米供給管理協会が8月2日に発表した米7月のISM製造業景況指数で、「総合(PMI)」は55.5(前月比▲0.7ポイント)になった。3カ月連続の低下で、2009年12月(54.9)以来の低水準だが、市場予想の中心だった54.1からは小幅の上振れ。筆者が気にしていたカンザスシティー連銀製造業指数(生産)のリバウンドが加味されたような結果になった。ただし、PMIの内訳を見ると、先行性がある「新規受注」が53.5(前月比▲5.0ポイント)へと大きく低下したことが目を引く。2009年6月(49.9)以来の低水準。PMIの上振れによる米債券相場への悪影響が、これによってある程度薄められたと考えられる。

 そのほかのPMIの内訳は、「生産」が57.0(前月比▲4.4ポイント)、「雇用」が58.6(同+0.8ポイント)、「入荷遅延」が58.3(同+1.0ポイント)、「在庫」が50.2(前月比+4.4ポイント)。PMIの内訳である5つの指数のうち、前月比で上昇したのが3つ、低下したのが2つという結果だった。

 PMIの内訳となっている以外の指数では、在庫の過剰感を示す「顧客の在庫」が39.0(前月比+1.0ポイント)、「輸出」が56.5(同+0.5ポイント)といった結果だった。

 すでに述べたように、「在庫」は50.2で、中立水準である50近辺にあり、在庫が急に増加している兆候は見当たらない。また、「顧客の在庫」は50を大きく下回っており、在庫水準は適正と考えられるレベルを大きく下回っていると考えられる。つまり、在庫の面で、いわゆる不均衡の蓄積は、少なくともこの統計上では見られておらず、米国の景気が一気に再後退に向かうと考えるのは現実的でないと言える(むろん何らかの急激なショックが米国の景気に加わるようなケースは別である)。

 また、ドル相場が対ユーロでドル高に反転しているものの、「輸出」は56.5という比較的強い水準を維持しており、今のところドル高による悪影響はあまり出ていないようである。

 8月2日の米国市場は、株高・債券安の展開となった。ISM指数が予想ほど悪化しなかったことに加え、米6月の建設支出が前月比+0.1%となり、市場が予想していた2カ月連続の減少にはならなかったこと、欧州の金融機関決算が好調な内容で欧州株が上昇したことも材料になった。

 ニューヨークダウ工業株30種平均は大幅高で、終値は1万674.38ドル(前週末比+208.44ドル)。株の大幅高に圧迫されたこともあって米国債は売り戻され、10年債利回りは2.96%、2年債利回りは0.57%まで、それぞれ上昇。30年債利回りは4%ラインを上回った。とはいえ、すでに述べたように、ISM新規受注指数の低下幅が大きかったことで、次回以降のISM指数低下に期待がつながれて、米10年債利回りはこの日は3%台に乗せなかった。一方、株高でリスク資産への投資意欲が強まったことを反映して、原油WTI先物が一段高。中心限月9月限の終値は1バレル=81.34ドル(前週末比+2.39ドル)になった。中心限月ベースで5月4日以来の高値である。

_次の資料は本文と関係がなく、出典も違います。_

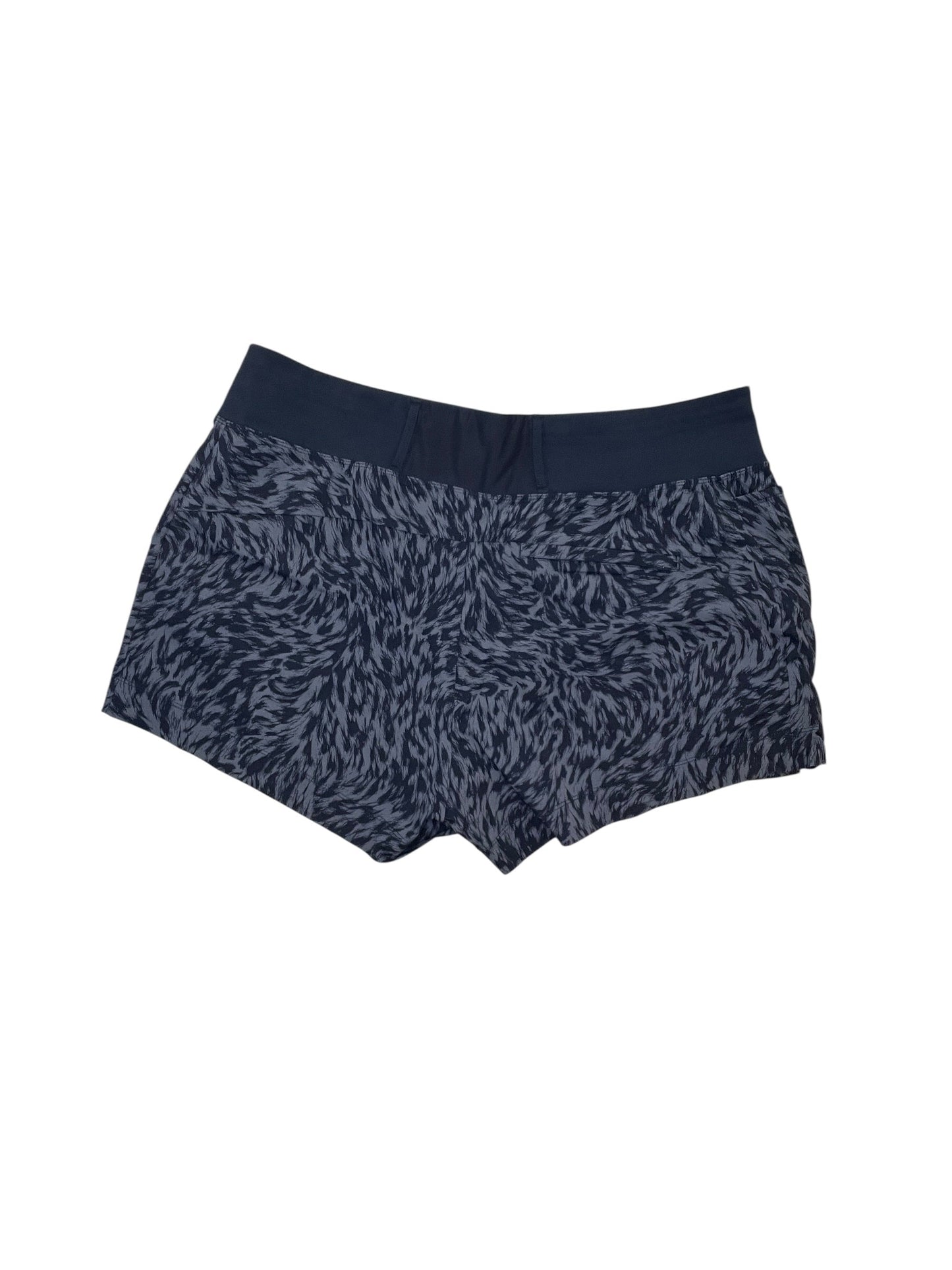 Athletic Shorts By Athleta In Blue, Size:1X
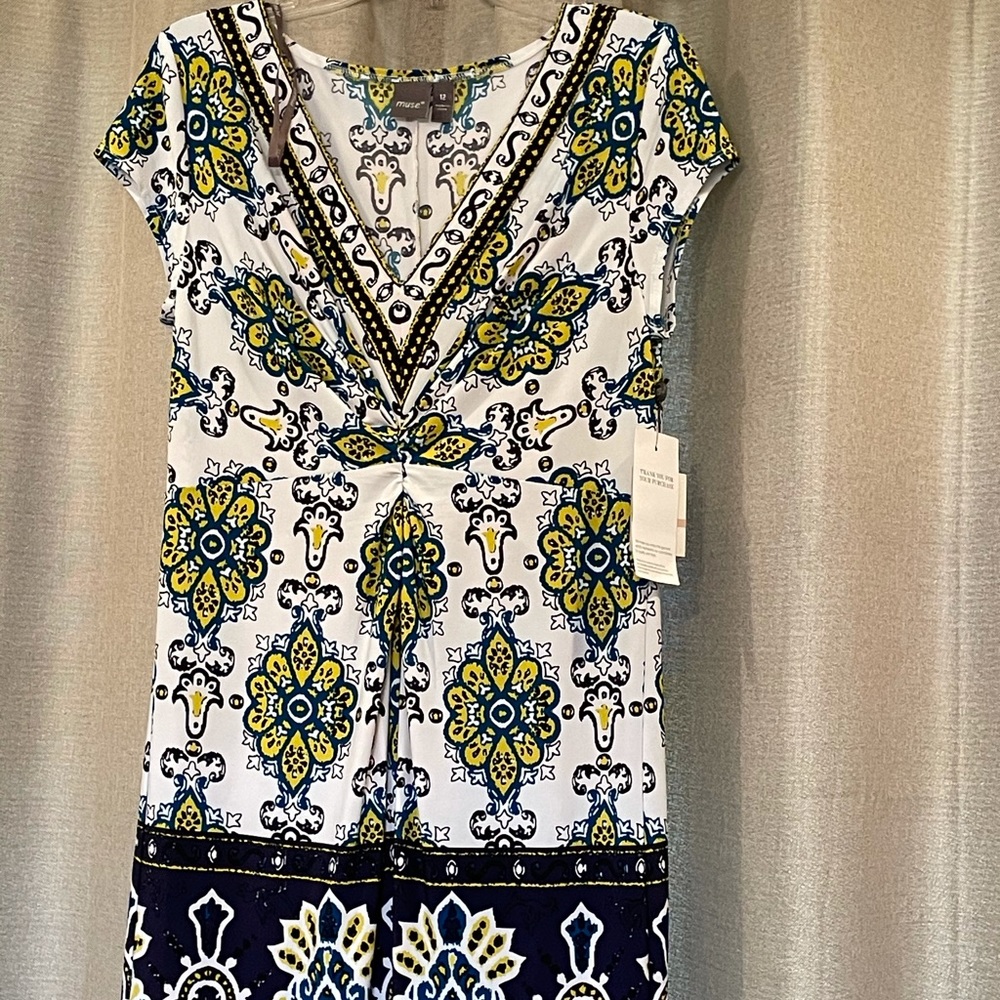 Muse Stretchy Jersey Dress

 7月28日作成「米長期金利はいったん『仕切り直し』へ」でも書いたように、筆者は引き続き、米債券相場については、「断続的な金利低下余地模索局面」がそろそろ一巡して、「金利低水準でのもみ合い局面」に移行しつつあるのではないかと考えている。構造不況に陥っている米国経済について、バブル崩壊の経験が深い日本人からすればどうしても違和感のある楽観論に傾斜していた市場の見方が、逆の方向(悲観論)へと、その「立ち位置」の修正を余儀なくされるステップはすでに、かなりの程度進んだ。むしろこの先は、悲観論の行き過ぎや過大な政策期待、およびその反動が警戒されるところである。

 いずれにせよ、米国および日本の長期金利が現行水準から一段と低下していくためには、市場の「目線」の低下度合いの「さらに先」を行くような、景気・物価指標面での予想外の大きなサプライズ(下振れ)が、どうしても必要になってくる。